LOL, what, with my accident proneness???? I'd end up splattered on the ceiling knowing my luck!!! As for riding a male mannequin?? Not sure I could cope with that one at my age!! 

Jo xxx


----------



## xicoalc (Apr 20, 2010)

jojo said:


> LOL, what, with my accident proneness???? I'd end up splattered on the ceiling knowing my luck!!! As for riding a male mannequin?? Not sure I could cope with that one at my age!!
> 
> Jo xxx


well.... why dont you have a go in a more gentle way... it says above you can attach a sheep, or ride a male manequin - whatever will they think of next!!!


----------



## Alcalaina (Aug 6, 2010)

I think I rode a male mannequin once, but maybe it was just a bad dream ...


----------



## eloiseb (May 25, 2010)

My kids have been to quite a few parties where the parents hired a bouncy castle, esp the parties in parks etc, so there must be some demand (and yes, the kids end up so overheated they can barely speak, but they don't mind).

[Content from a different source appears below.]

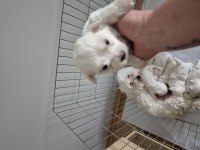 Maltese terrier yavrum 55 günlük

Agree that the dogs probably not such a great one. Not sure on the rodeo bull, but I guess it would have similar appeal to wherever they are hired in UK??


----------



## mrypg9 (Apr 26, 2008)

sensationalfrog said:


> there was one of those bulls in benalmadena port last time i went,bouncy castles quite a few i have seen doing this,small dogs are popular as a lot live in small apartments,personaly,i hate dog breeders and the people that buy their status dogs,as said a lot of strays that need a good home


I would second that although I don't agree 100% with what you say about breeders. We have had three dogs, two of which were rescue dogs and our current one we chose from a reputable, internationally-known breeder of champions as we wanted a particular breed (Rhodesian Ridgeback) and they aren't generally found in animal shelters. You need to be quite sure of the good temperament and character of such a big, strong dog. No way is he a 'designer dog' (whatever that is) but a much-loved pet and companion. 
But you are quite right about strays needing a home. 
I work as a volunteer for an animal charity which houses and rehomes abandoned dogs. Our kennels are full to overflowing. Sad to say, many of these poor dogs have been abandoned by British returnees who throw the dogs into the street like unwanted rubbish. I have no sympathy for anyone, however cash-strapped, who is capable of doing such a callous thing. These people take on pets with little if any forethought for the duties and responsibilities that come with pet-owning.
The last thing Spain needs is yet another dog-breeder. Our publicity actively discourages people who want a dog from patronising dsuch businesses and urges them to adopt an abandoned animal.
Stick to bouncy castles, please!


----------